Fastest supercomputer in the world named
Thanks to a rebuild, the world’s top supercomputer is more than four times as powerful than its nearest rival.
The K Computer from Japan, which operates at more than 10 petaflops per second, has again topped the bi-annual Top500 list of the world’s top supercomputers.
The K Computer is made up of 705,024 SPARC64 processors and recorded a peak performance of 10.51 petaflop/s, or 10 quadrillion calculations per second in tests. The K Computer previously recorded a top speed of 8.16 petaflop/s to take the top spot in the June 2011 release of the Top 500 list.

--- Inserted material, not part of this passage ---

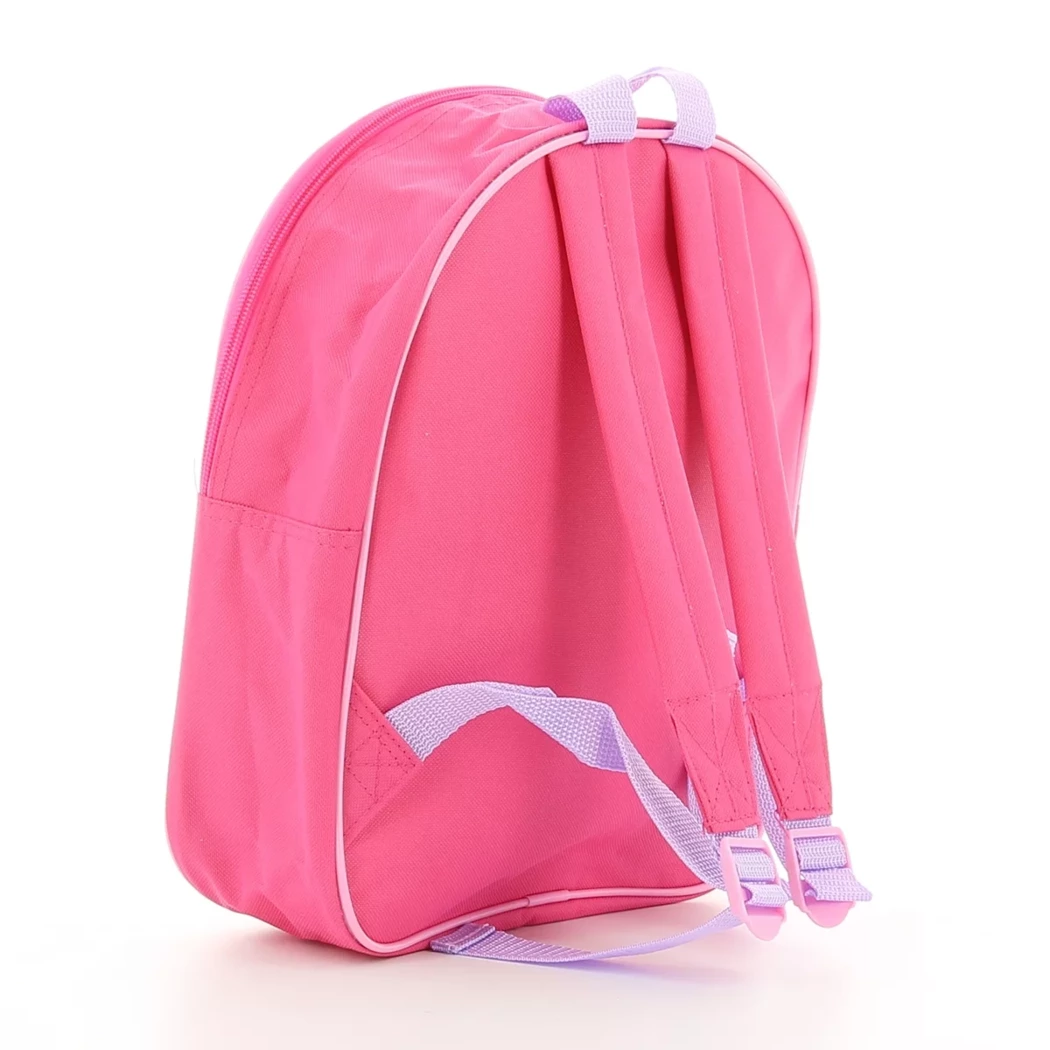 Image (4) de la chaussures Vadobag - Sacs à dos Rose en Textile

In second place in the November Top500 list is still the Chinese made Tianhe-1A system which returned a relatively measly top speed of 2.57 petaflop/s. A year ago that performance was enough to guarantee the Chinese supercomputer the top spot on the Top500.
39 systems in this release use GPUs (graphical processing units) compared with 17 systems six months ago. 35 of these use Nvidia chips.
More than half (62%) of the systems in the Top500 now use processors with six or more cores.
The dominant processor maker is still Intel with 76.8% of the Top500 systems. AMD is in second place with 12.6% and IBM Power processors account for 9.85% of the Top500.
The entry level to be included in the Top500 list continues to climb and now sits at 50.9 teraflop/s. Six months ago 39.1 teraflop/s was adequate to secure a place in the Top500.
On the hardware front IBM retained its lead, accounting for 223 of the Top500 systems. HP held onto second place with 141 systems.
Linux continues to dominate supercomputing and is used exclusively in 457 (91.4%) of the Top500 systems.
Unix variants account for 23 of the remaining systems and there are 15 mixed OS environments in the list.
Four Windows-based systems made the Top500 and 1 BSD-based system rounded out the Top500.